Quicksilver: verse and vision

collage

Quicksilver: Terlingua Cemetery, Lyn Belisle

What an extraordinary experience to have a poet look at your work and tell its hidden story back to you with empathy and intuition! Maggie Fitch friend, potter, poet – just gave me that great honor. You’ll love the poem .. read on.

Here’s how it happened.

One of my artworks is being exhibited in the current GAGA show at the San Antonio Art League + Museum. It is titled Quicksilver: Terlingua Cemetry. I created this fiber art collage (above) as a response to a recent visit to the cemetery in Terlingua just outside Big Bend. The work is comprised of transferred photos on fabric, stitching, fabric scraps, and found objects on stretched canvas. It is 36″ long.

Collage back story: The Chisos Mining Company, was established in 1903 at Terlingua, and during the next three decades became one of the nation’s leading producers of quicksilver (mercury from cinnabar ore). The Terlingua cemetery, iconic and eerie, is a reminder of the miners who died there from mercury poisoning. The average time spent in the mine before mercury poisoning began affecting them was less than 5 years. The men who got sick were happy to have a job for pennies a day, all the while unaware of the horrific nature of their own impending death.

So, Maggie was attending a poetry workshop group at the Art League last week, and their focus was to write an ekphrastic poem, which is an intense poetic description of a  a work of art, and to chose a piece from the exhibition Through the imaginative act of narrating and reflecting on the “action” of the artwork, the poet may amplify and expand its meaning.

Maggie chose to study my piece and looked at it so carefully that she discovered a story that amazed me. These were the first two lines of her poem:

“See here
printed in plain sight a plot of prickly crosses . . .”

She contemplated the details she saw – torn newspaper clippings sewn to tattered fabric, old images of a miner, transferred onto cloth, a frayed portrait of a native child, rusty items and found objects . . .

She saw more than just the history of the place – she felt what it must have been like to be there, perhaps on an August day exactly 100 years ago . . .

She tells us through her poem what to look for, what we can see if we look past the individual scraps and shards to the whole concept of place in time . . .

Read Maggie’s entire poem, below, read it slowly, and I think you will feel how visual art and poetic verse are powerful companions.

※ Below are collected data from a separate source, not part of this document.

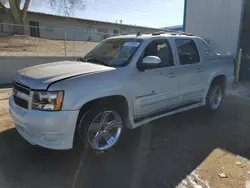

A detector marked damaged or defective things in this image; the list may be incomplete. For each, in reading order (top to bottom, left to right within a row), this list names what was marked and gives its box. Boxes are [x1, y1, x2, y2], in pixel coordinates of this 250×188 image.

damaged hood [13, 60, 115, 89] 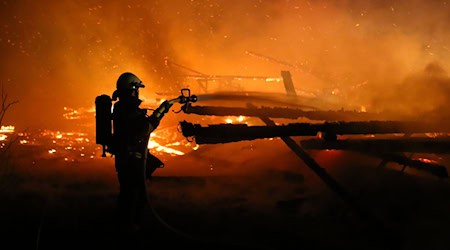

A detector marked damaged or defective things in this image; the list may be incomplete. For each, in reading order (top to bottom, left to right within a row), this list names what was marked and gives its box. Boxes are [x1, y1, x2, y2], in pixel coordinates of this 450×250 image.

charred timber [183, 104, 386, 121]
charred timber [179, 120, 450, 145]
charred timber [298, 137, 450, 154] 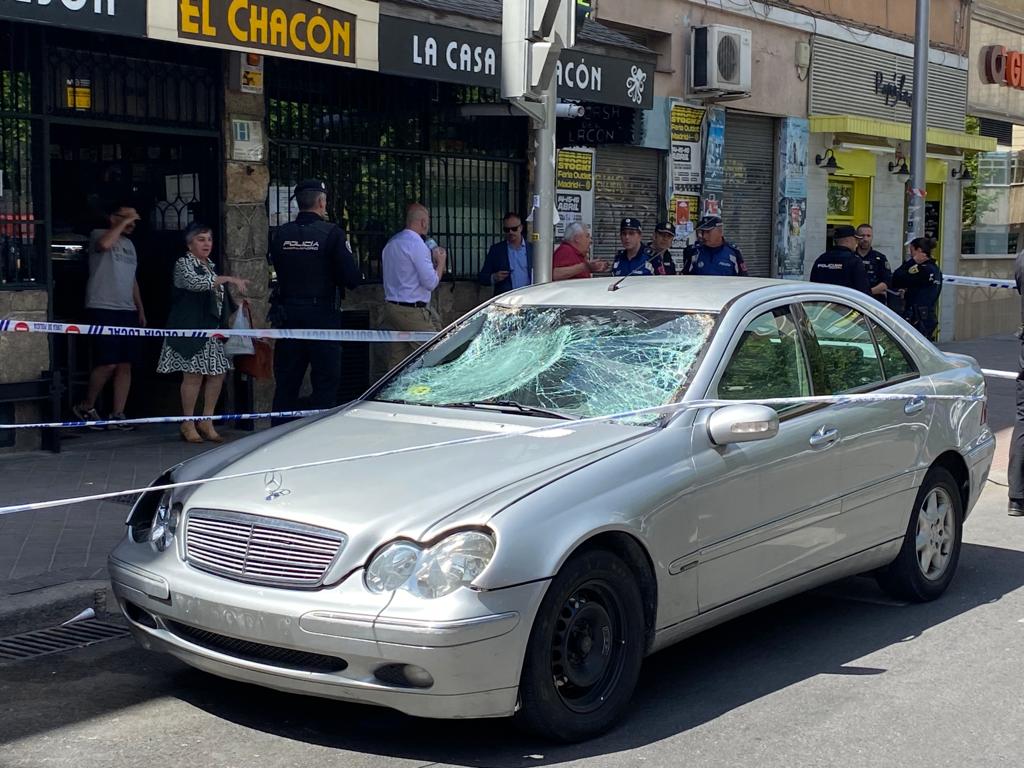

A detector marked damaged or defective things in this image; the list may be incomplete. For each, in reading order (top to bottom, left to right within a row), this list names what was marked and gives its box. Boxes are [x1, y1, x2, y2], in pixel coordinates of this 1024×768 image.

shattered windshield [372, 304, 716, 420]
cracked windshield glass [372, 304, 716, 420]
damaged mercedes sedan [110, 280, 992, 740] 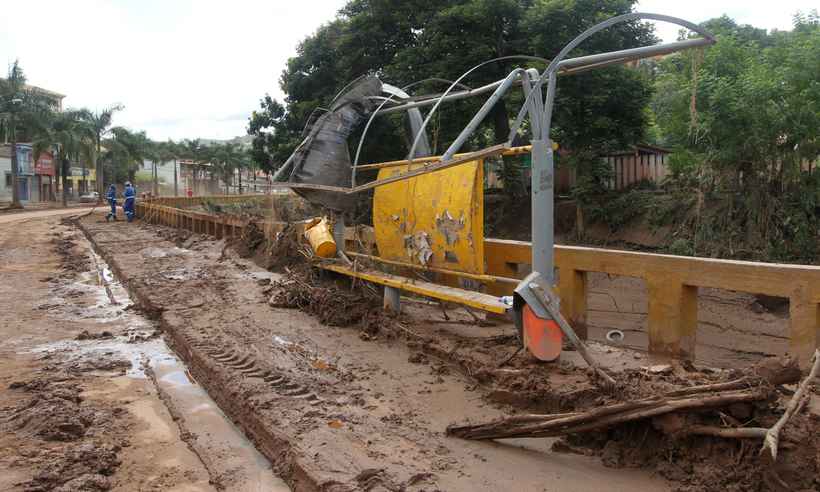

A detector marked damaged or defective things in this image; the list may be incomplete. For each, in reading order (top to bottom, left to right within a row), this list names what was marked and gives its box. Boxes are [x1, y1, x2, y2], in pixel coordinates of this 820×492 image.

damaged metal structure [270, 14, 716, 362] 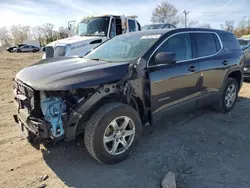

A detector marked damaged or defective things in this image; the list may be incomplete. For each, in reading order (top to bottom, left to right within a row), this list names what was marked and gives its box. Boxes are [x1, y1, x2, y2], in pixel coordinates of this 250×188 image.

crumpled hood [15, 56, 130, 90]
damaged gray suv [12, 27, 243, 163] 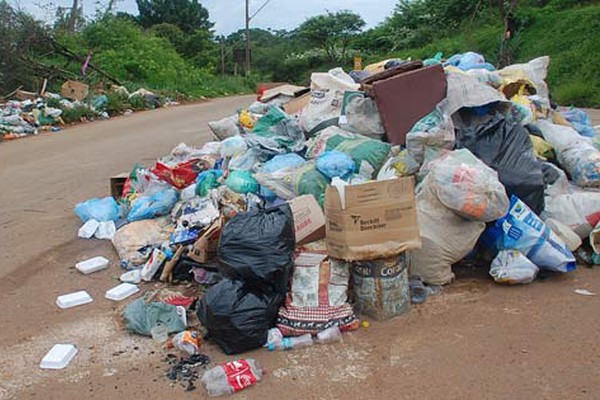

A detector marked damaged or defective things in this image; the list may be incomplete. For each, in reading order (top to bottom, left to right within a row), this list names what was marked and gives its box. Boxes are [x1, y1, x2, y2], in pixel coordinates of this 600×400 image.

torn packaging [326, 177, 420, 260] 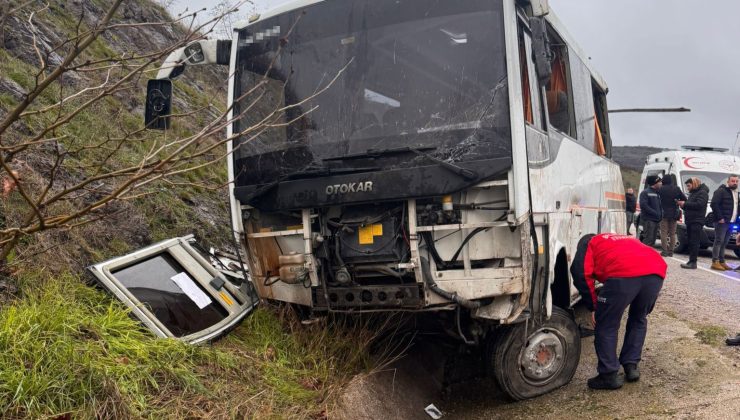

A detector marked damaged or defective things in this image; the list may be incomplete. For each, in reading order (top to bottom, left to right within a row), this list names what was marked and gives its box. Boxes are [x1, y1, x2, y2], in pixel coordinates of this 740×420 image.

broken windshield [231, 0, 508, 188] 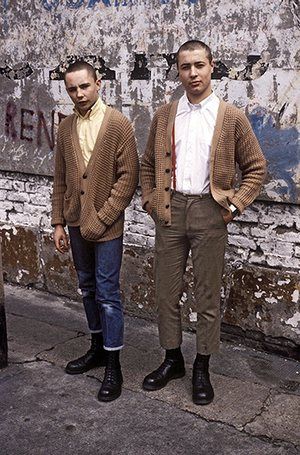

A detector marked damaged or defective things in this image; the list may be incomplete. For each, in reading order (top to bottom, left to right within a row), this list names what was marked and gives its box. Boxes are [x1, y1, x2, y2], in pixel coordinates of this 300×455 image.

Ekphrastic poem by Maggie Fitch
based on a fiber collage by Lyn Belisle:
Quicksilver: Terlingua Cemetery

See here

printed in plain sight a plot of prickly crosses
seen here three ways differently still all the same
remarking the folly of passers-by intending
to go somewhere better
away from a screaming orange sky
then befuddled in twilight’s turquoise caresses
charring intentions into crusty black embers
blown over the graves of those
passing through to somewhere else

See here

stitched little purses of tattered intentions
that should have been quicksilver but not quick enough
passing through with his donkey in the desert that day
the miner gave the young girl a shawl
kindly wrapping her shoulders up warmly that night
she gave him a colorful brand-new bandana
around his neck in the desert that day
passing through with his donkey
enchanted instead by a mouth full of tumbleweed

See here

are the artifacts of tattered intentions
stitched little purses made from what is left
of the shawl and bandana and maybe a donkey’s tooth
shadows of the young girl
and the miner who stayed
enthralled by the spectrum
in Terlingua they stayed
embedded in Quicksilver

See?

This poem gives me shivers – it’s as if Maggie was there in Terlingua that day, watching, seeing it all unfold. It’s beautiful and haunting. I am transported by lines like:

“…away from a screaming orange sky
then befuddled in twilight’s turquoise caresses
charring intentions into crusty black embers
blown over the graves of those
passing through to somewhere else . . .”

Below is a photo of Maggie’s original poem next to the collage she created in the Visual Verses group which is facilitated by poet and artist Marcia Roberts. This group meets once a month at the San Antonio Art League. (If you are interested in learning more about this group, please email Marcia.)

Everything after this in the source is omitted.